▶ **PROVIDED MATERIAL**
_ _ _

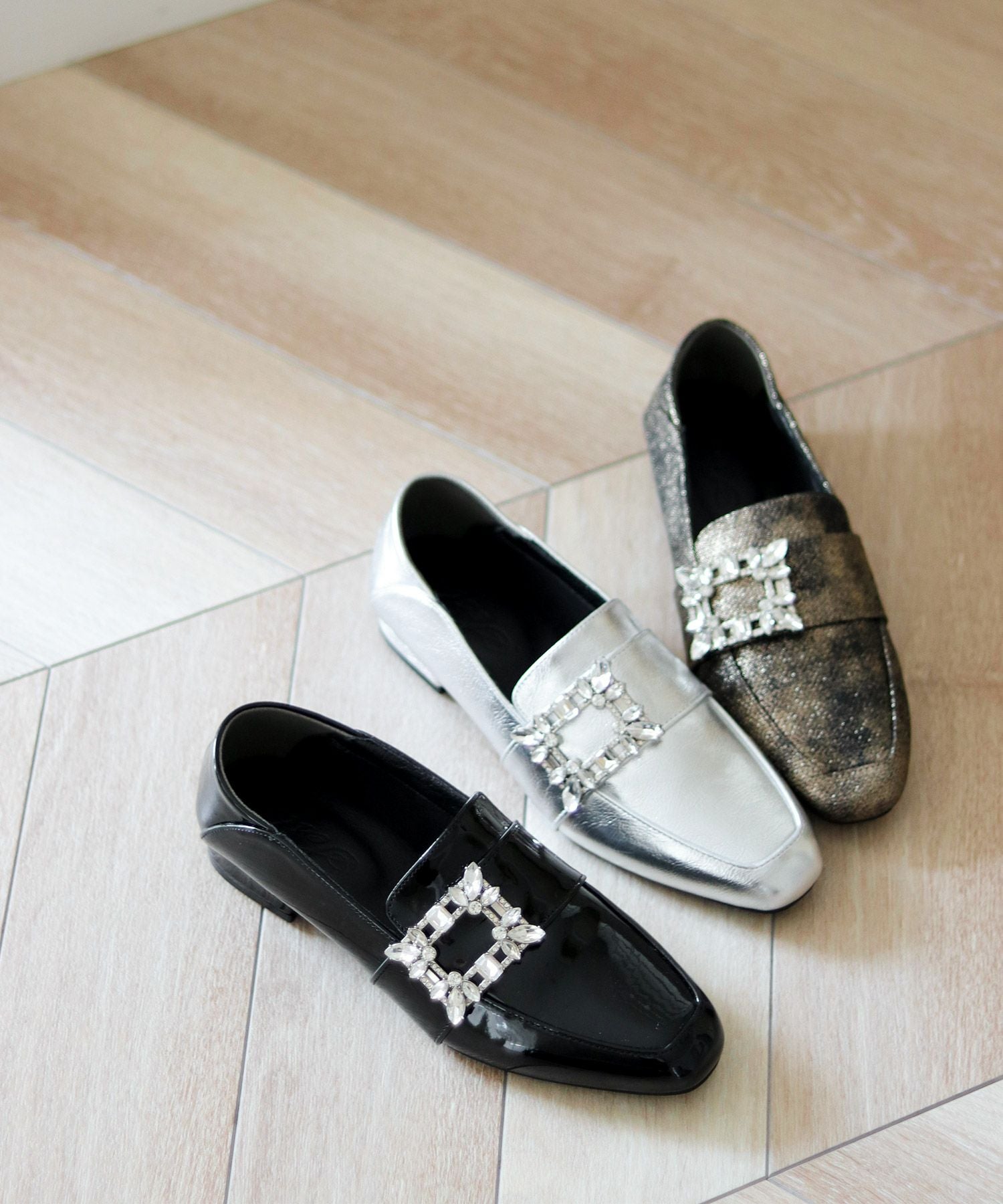 かかとが踏めるビジューモチーフローファー▲返品不可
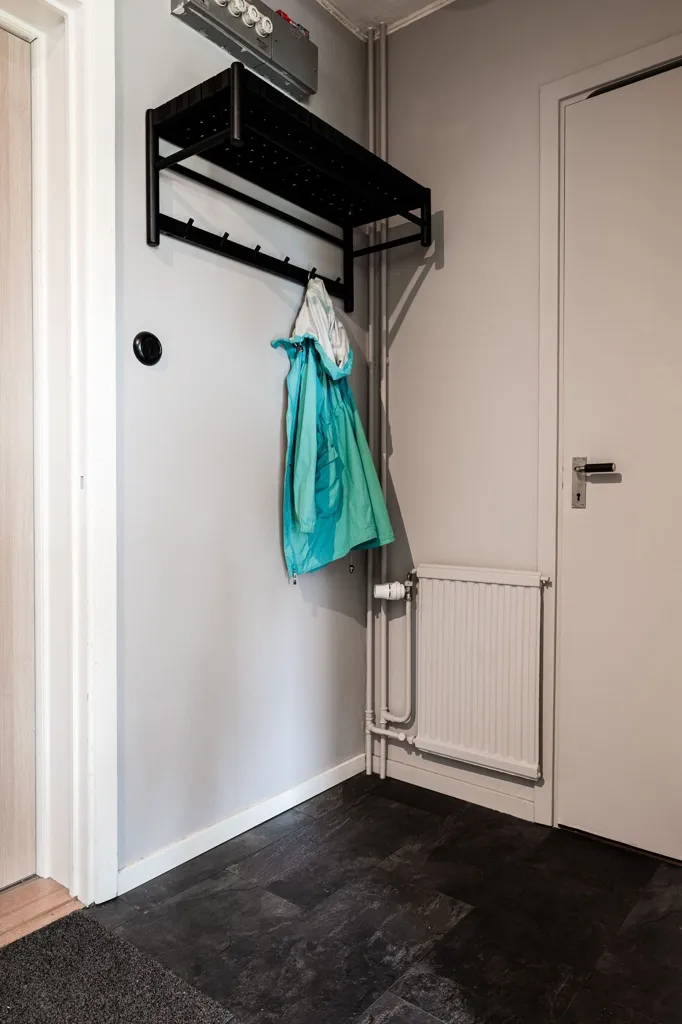 Entrée - Charming One-Bedroom Flat with Low Rent in Torsgatan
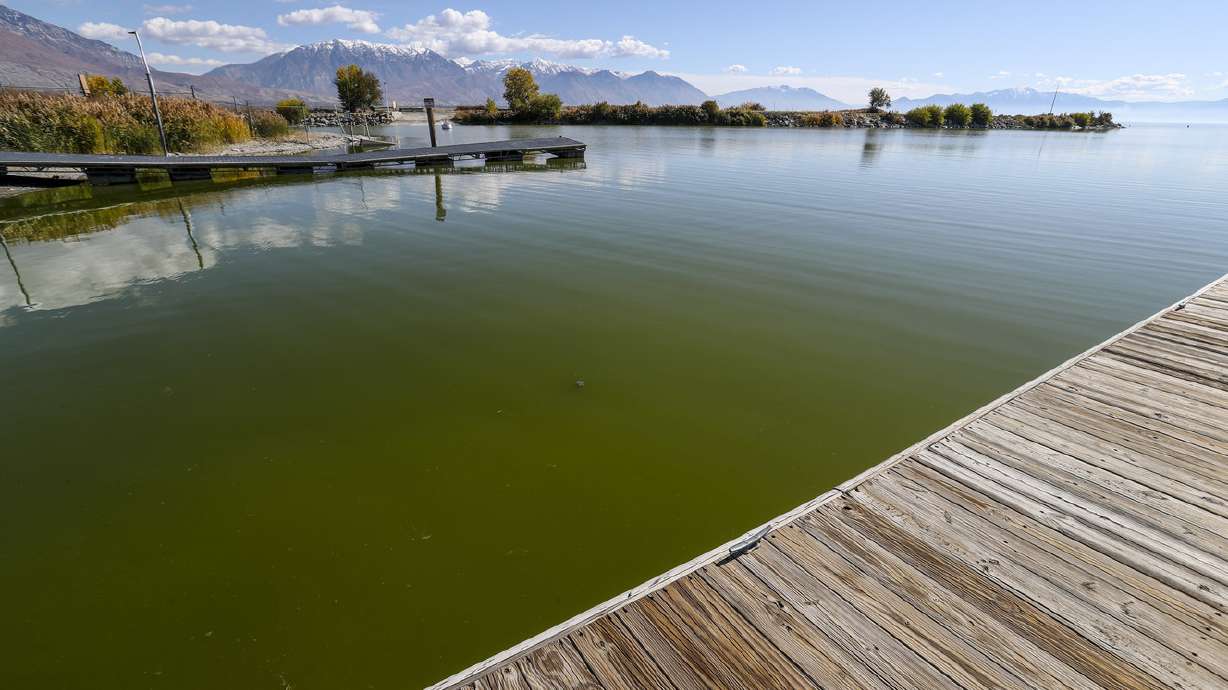 Can this UVU professor's barge solve Utah Lake's algal bloom problem?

_ _ _

▶ **EXERCISE AIM**
The entire listing above is to be copied exactly, with all pictures omitted.

▶ **EXERCISE ANSWER**
 かかとが踏めるビジューモチーフローファー▲返品不可
 Entrée - Charming One-Bedroom Flat with Low Rent in Torsgatan
 Can this UVU professor's barge solve Utah Lake's algal bloom problem?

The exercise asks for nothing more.